=== SOURCE RECORDS ===
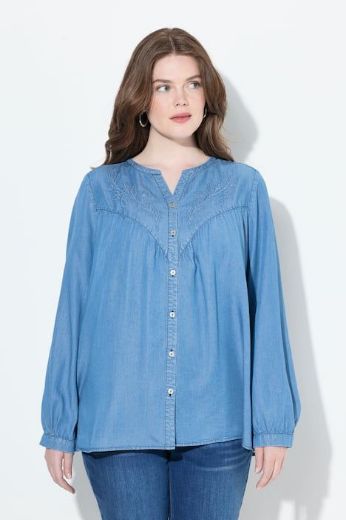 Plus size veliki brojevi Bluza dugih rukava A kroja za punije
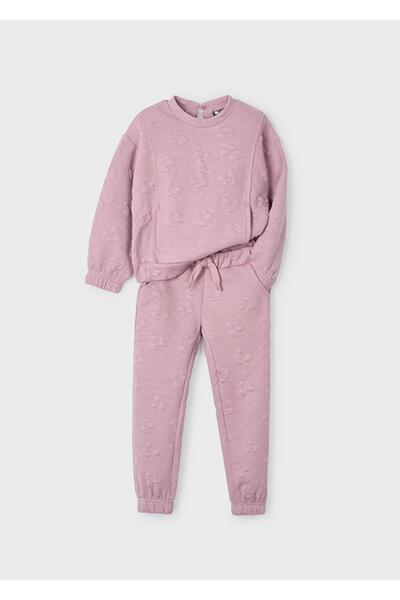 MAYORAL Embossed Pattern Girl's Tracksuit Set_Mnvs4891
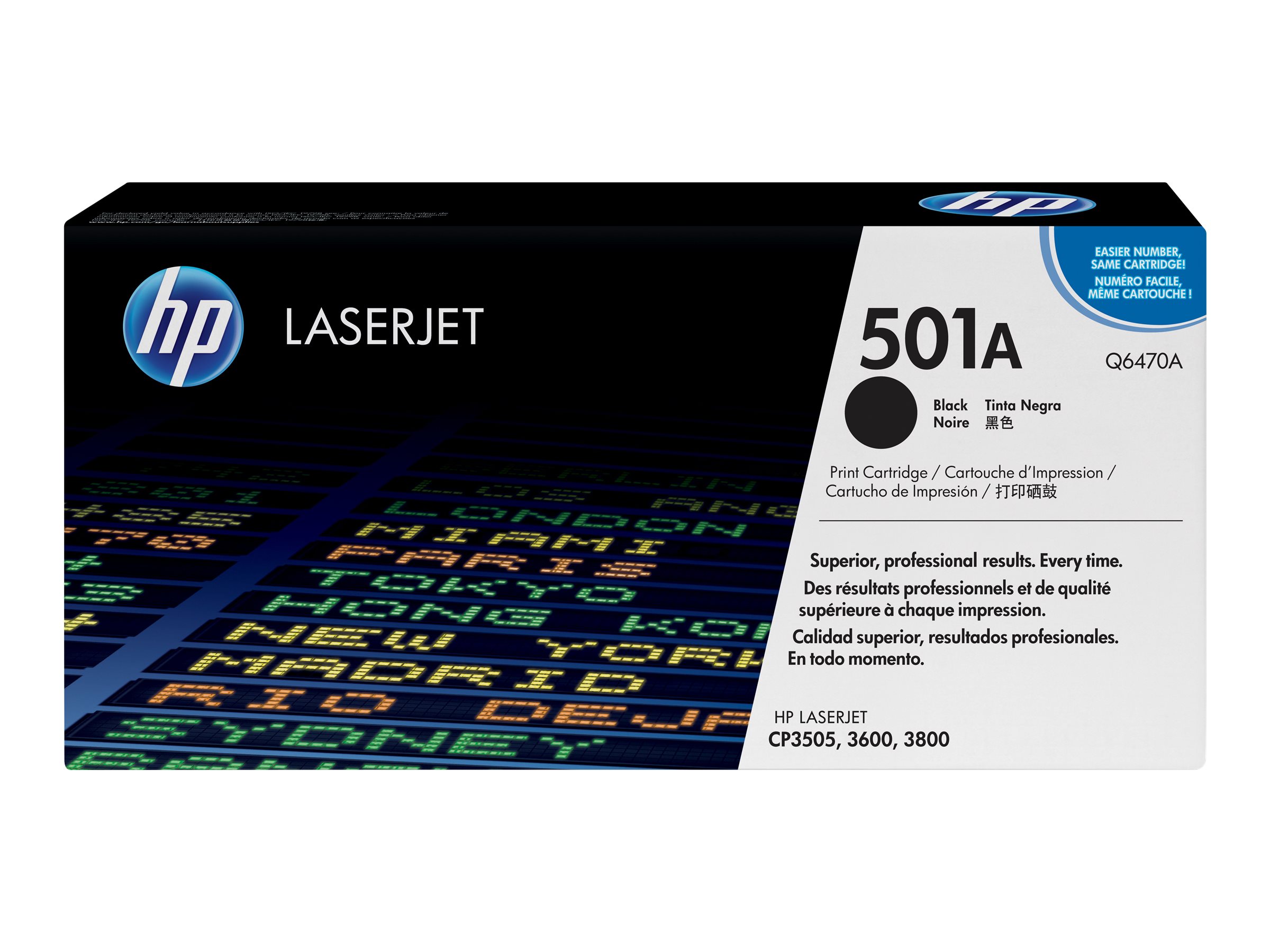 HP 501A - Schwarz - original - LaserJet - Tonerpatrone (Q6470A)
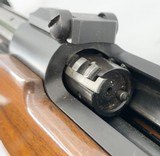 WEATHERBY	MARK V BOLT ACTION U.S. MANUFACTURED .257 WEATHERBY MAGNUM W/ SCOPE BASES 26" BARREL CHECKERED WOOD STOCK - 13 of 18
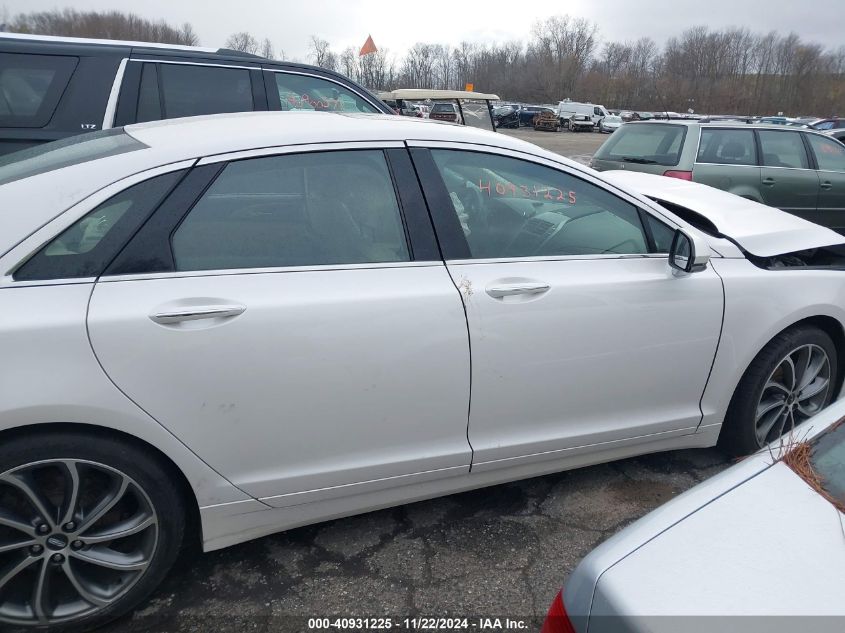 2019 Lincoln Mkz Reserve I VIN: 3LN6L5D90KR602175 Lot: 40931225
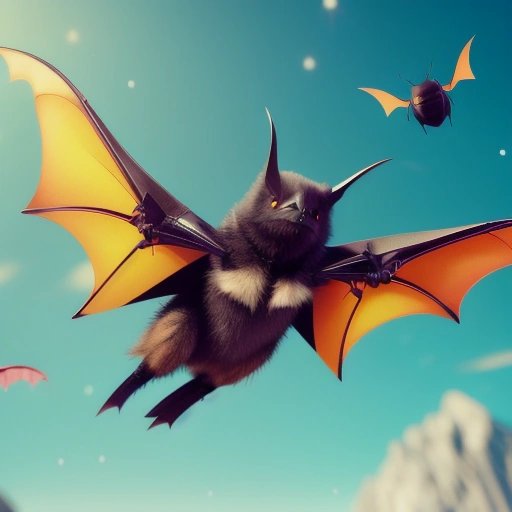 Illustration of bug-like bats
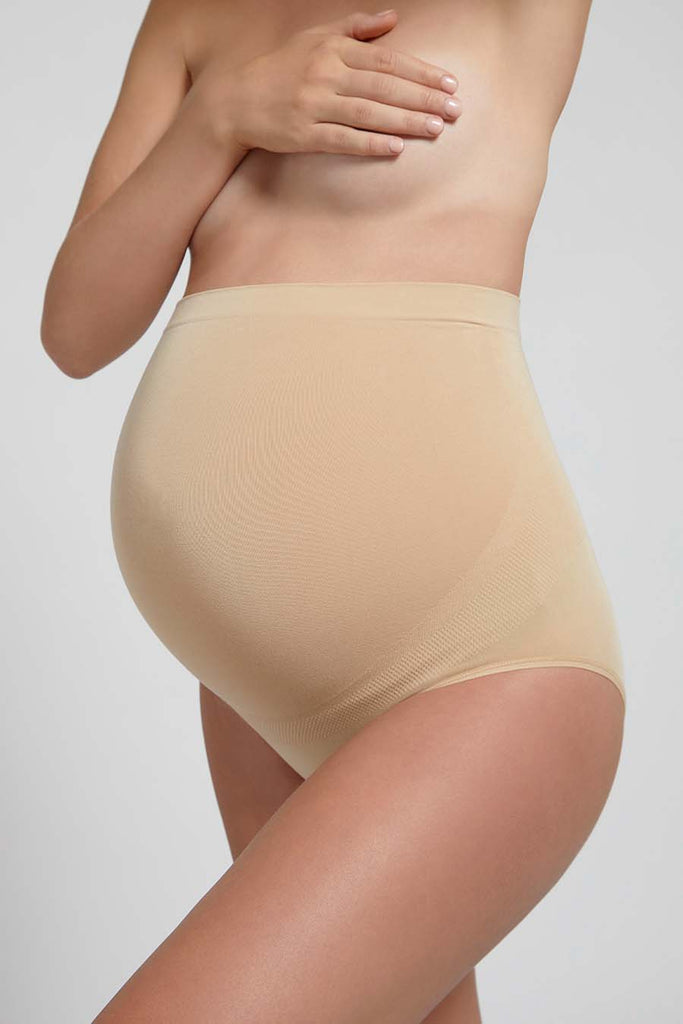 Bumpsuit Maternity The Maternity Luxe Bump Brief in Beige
---
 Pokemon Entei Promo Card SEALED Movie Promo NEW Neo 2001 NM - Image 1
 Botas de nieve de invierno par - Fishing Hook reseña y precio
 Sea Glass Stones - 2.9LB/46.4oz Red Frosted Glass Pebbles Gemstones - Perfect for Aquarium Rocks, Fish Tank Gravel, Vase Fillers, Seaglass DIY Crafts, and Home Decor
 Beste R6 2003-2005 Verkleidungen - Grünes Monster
* * *
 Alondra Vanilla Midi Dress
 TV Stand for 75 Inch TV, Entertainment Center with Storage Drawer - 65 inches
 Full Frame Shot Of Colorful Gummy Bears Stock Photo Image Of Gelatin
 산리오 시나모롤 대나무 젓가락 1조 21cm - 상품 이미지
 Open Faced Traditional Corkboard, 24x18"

=== EXERCISE DETAILS ===
Return a word-for-word copy of the lines above from the one holding "Botas de nieve" through the one holding "Beste R6 2003-2005", with both of them included and nothing besides.

=== SOLUTION BELOW ===
 Botas de nieve de invierno par - Fishing Hook reseña y precio
 Sea Glass Stones - 2.9LB/46.4oz Red Frosted Glass Pebbles Gemstones - Perfect for Aquarium Rocks, Fish Tank Gravel, Vase Fillers, Seaglass DIY Crafts, and Home Decor
 Beste R6 2003-2005 Verkleidungen - Grünes Monster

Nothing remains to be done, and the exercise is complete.